First, the Court notes that the two actions do not involve all the same parties. The New York action involves only TSS and General Battery Corporation. It does not involve General Battery International Corporation. Therefore, the New York court does not have jurisdiction over all the parties involved in the present action. Second, the Court does not agree with the proposition that the New York court obtained personal jurisdiction first due to the alleged defect in service of process on TSS. This Court finds that due process was satisfied when TSS received plaintiff's complaint via certified mail on August 6, 1984, (see Exhibit A of TSS brief), in that TSS was notified and received actual knowledge of the commencement of the action on August 6, 1984. Japan Gas Lighter Association v. Ronson Corp., 257 F. Supp. 219 (D.N.J. 1966); Giordani v. Hoffmann, 295 F. Supp. 463 (E.D. Pa. 1969). Even if the summons did not accompany the complaint, TSS was put on notice that the action had commenced, and any defect was cured when plaintiff mailed TSS the alias summons with the complaint on August 30, 1984. The alleged defect in service was purely technical, did not prejudice TSS, and, therefore, did not deprive this Court of personal jurisdiction over TSS. Giordani v. Hoffman, supra. In addition, service was not made by TSS in the New York action until August 14, 1984, and as a result General Battery Corporation was not aware of the New York action until after TSS was notified of the present action.
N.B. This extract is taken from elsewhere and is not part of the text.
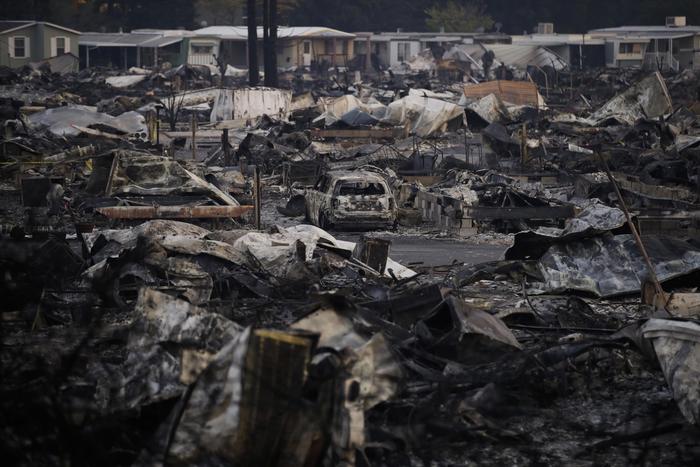 Incendi in California, 35 morti. Allarme smog a San Francisco: si esce solo con la mascherina
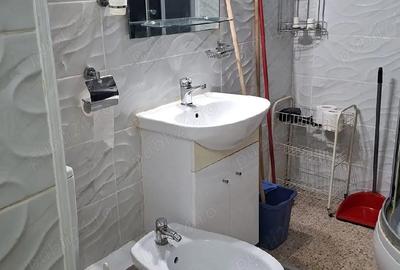 Apartament cu 2 camere decomandat în Polonă - 4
The Court also notes that the substance of TSS's complaint in the New York action (see Exhibit C, Plaintiff's reply brief) is a compulsory counterclaim to the present action pursuant to FRCP 13(a). Therefore, in light of the fact that this Court has jurisdiction over all parties and issues, and obtained such jurisdiction prior to the New York court, this Court denies TSS's motion to transfer the present action to the Eastern District of New York. An appropriate order follows.
AND NOW, this 15th day of January, 1985, upon consideration of defendant TSS's motion to dismiss or in the alternative for change of venue, and responses thereto. IT IS ORDERED that said motions are DENIED.